A database professor from college taught my class to memorize E. F. Codd’s three normal forms of large, shared data as “the key, the whole key and nothing but the key.” Folks with many different roles in information technology — including developers, database administrators, domain modelers, business stakeholders — routinely come into contact with data normalization. For them, normalization is as normal as breathing.
Yet as the database landscape becomes more diverse and hardware becomes more powerful, we might wonder whether the practice of data normalization is necessary anymore. Should we be fretting over optimizing data storage and querying so that we return the minimum amount of data? If so, do certain data structures make it more vital to solve those problems than others?
What Is Data Normalization?
The process of data normalization optimizes data structures in a relational database to ensure data integrity and query efficiency. It reduces redundancy and improves accuracy by way of a prescribed series of steps to normalize the structure, producing what’s called the “normal forms.” At its core, data normalization helps avoid data anomalies that occur when creating new data (Insert), updating existing data (Update), or deleting data (Delete).

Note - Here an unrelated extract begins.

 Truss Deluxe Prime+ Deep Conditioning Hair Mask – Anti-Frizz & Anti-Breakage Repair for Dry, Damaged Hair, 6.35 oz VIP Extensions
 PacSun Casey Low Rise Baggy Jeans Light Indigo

Such anomalies cause challenges for keeping data values in sync (integrity). The normalization steps entail verifying foreign keys (links to related data), separating unrelated entities to other tables and inspecting the rows and columns as a unified data object. While the full list of normalization steps is rather rigorous, we will focus on those most commonly applied in business practice:
- First normal form (1NF)
- Second normal form (2NF)
- Third normal form (3NF)
I recently came across a coffee shop data set that seems to be a good fit for us. Table 1 features data that was from the repository. I have also created a GitHub repository using this sample data, which pertains to sales made to customers for food and beverage items.
Table 1. The receipt table as unnormalized data
What makes this data problematic? If we try to insert a new row into this data, we could inadvertently produce a duplicate customer. Worse yet, to avoid doing that, we would have to gather all the information on customer, products and receipt date/time. If we needed to update or delete the products purchased on the receipt, we would need to sort through each product column in the list to find the value.
First Normal Form — The Key
For the first step in our “key, the whole key and nothing but the key,” a table should have a primary key (a single column or set of columns) that ensures each row is unique. Each column in a row should also contain only a single value – in other words, no nested tables. In a written ledger, some of the columns in Table 1 could be considered business keys or natural keys. But they wouldn’t be primary keys, because none of them is guaranteed to be 1) unique, and 2) present.
Our example data set needs some work to get it to first normal form (1NF). While we can get unique rows with a combination of date/time or maybe date/time/customer, it is often much simpler to reference rows with a generated unique value of some sort. Let’s do that by adding a transaction_id field to our receipt table.
There are also several rows that have more than one item ordered (transaction_id 156 and 199), so a few columns have line items with more than one value. We can correct this by separating the rows with multiple values into separate rows. This results in the 1NF data depicted in Table 2.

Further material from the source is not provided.